Lessons in big data: From New York to Pasadena
Dr. Nirav R. Shah serves as Kaiser Permanente Southern California’s senior vice president and chief operating officer for Clinical Operations. He previously served as the New York State Health Commissioner, where he oversaw the implementation of a statewide healthcare technology initiative, the creation of a successful health insurance exchange, and the redesign of the Medicaid program. He is a board-certified Internist, an elected member of the Institute of Medicine of the National Academy of Sciences, and formerly served on the faculty of NYU School of Medicine.
1. During your time as NY State Health Commissioner, New York set up a great model for data sharing—what was the biggest win?
One of our most notable achievements was creating a statewide network for health information exchange. What does that mean? It means that if you got into a car accident in Buffalo, the doctor could pull up your electronic medical records from Brooklyn. This network for nearly 20 million New Yorkers is funded by the state—which means it’s each and every citizen’s data—not the insurance company’s data or the hospital’s data. As a New Yorker, you will have full access to your records through a patient portal (or can download the data using the blue button standard) and you can decide who has access to your data or even decide to opt out.
2. Some tech entrepreneurs are overwhelmed by the standards and regulations associated with the healthcare industry. Do you have any advice for entrepreneurs interested in partnering with government agencies?
When you work with government, it’s for the long play. Add 6-12 months to the average timeline, because of competing priorities of overworked civil servants. It’s hard to work with government but nevertheless can pay off because of the huge potential impact, and because federal and state agencies now are beginning to understand the many benefits of public-private partnerships.
What can entrepreneurs do? One of the areas that is extremely fruitful is around data transparency. Everyone talks about moving towards value-based medicine, and one important part of value is how much things cost. In December of 2012, NY State released all of the data for hospital costs and charges for over 1,400 procedures, across every hospital in the state of New York. So you could use the data to see that a hip replacement surgery cost $15,000 at one hospital and $103,000 across the street! That kind of data was never available to the public. This becomes even more important with the consumerization of health care, and a big deal when someone has a high-deductible health plan, where $6,000 may be coming from out-of-pocket before insurance even kicks in.
Entrepreneurs can mine and use that data to create tools for customers. For example, where should I go to get an elective knee replacement surgery done? I now can go to the healthdata.ny.gov website and look at not only the cost of this procedure at any hospital in New York, but much more. I may not want to go to where my doctor just says I should go based on his knowledge of one hospital. I can be an informed consumer and make those decisions on my own, using data on quality, safety, cost, and much more to make an informed choice. It’s a big deal, and creating simple, user-friendly tools is a market need and something entrepreneurs should consider.

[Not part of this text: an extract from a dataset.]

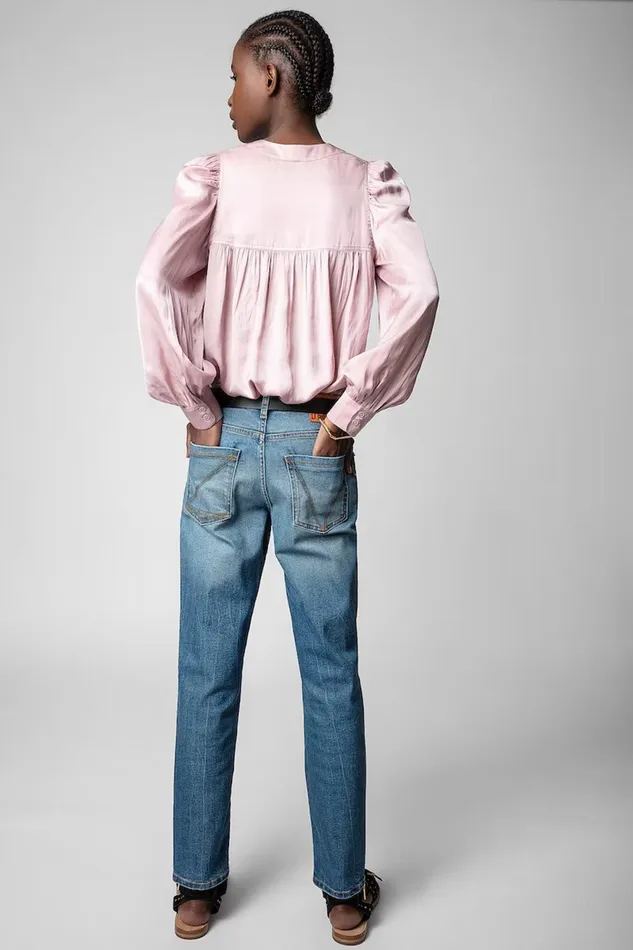 Zadig and Voltaire Shirts and Tops TELIA SATIN ROSE 8211 Women Zadig and Voltaire Shirts and Tops TELIA SATIN ROSE 8211 Women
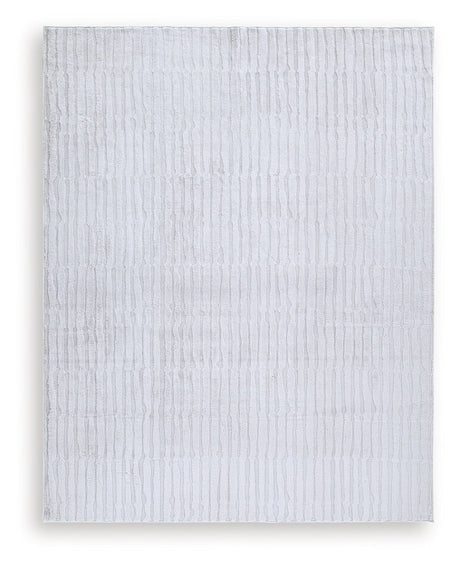 Worthley Gray Washable Large Rug by Ashley at Eve Furniture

3. What is an example of a Kaiser Permanente best practices that can be shared with other facilities?
Kaiser Permanente has two distinct advantages to most others—an integrated delivery system because the insurance side and clinical care delivery side are both under one roof, and high quality care provided by Permanente physicians. I’ll give you an example of what’s possible at Kaiser Permanente but nearly impossible to do elsewhere.
The average hospital stay for a hip replacement surgery is over 3 days, defined by overnight stays. Every extra day in any hospital involves some risk—of getting hospital-acquired infections, falling on your way to the bathroom, not to mention the hospital food. At several of our medical centers, we can complete a hip replacement surgery in ways to send a patient home the very same day—a zero day hospital stay. We do that by first, knowing who the patient is very well—all their medical history, prescriptions, etc. in an electronic health record with up-to-date information which every care provider has access to. Second, we send walkers or canes to the patient’s home before the surgery even occurs – so you’re not searching for one at the last minute and delaying discharge by teaching the patient how to use it thereafter. Third, we schedule the patient as the first operating room case in the morning. The operation starts at 7:00 AM—not a later case which might get delayed, which means you can closely watch the patient for 12 hours in the hospital before you send him home in the evening. The next day, like clockwork, the physical therapist will visit the patient at home at 9:00 AM (and again in the afternoon), and a nurse visits the patient at home at 10:00 AM. At noon, a doctor reviews the electronic medical record notes of both these morning visits and contacts other providers and the patient as needed, and a specialist will see the patient in her office a few days later.
Those are the basic building blocks—a system built around a patient to optimize his experience, keep him away from possible infections, allowing him to recover with family at home, with built-in safety nets to ensure he recovers optimally. But you can only do this if you can guarantee that every part of the system works together flawlessly, reliably, with agility and resilience to meet the individual needs of each patient every time, what I like to refer to as “mass customization.” For most healthcare systems, the hard part is the having the necessary data (i.e. the patient medical record, scheduling operating room times, physical therapy work schedules, prescription changes, nurse home visit times, specialist bookings, etc.) in a perfectly choreographed dance. In the near future, big data—and even small data used in such a way—will make this the standard that every American should expect.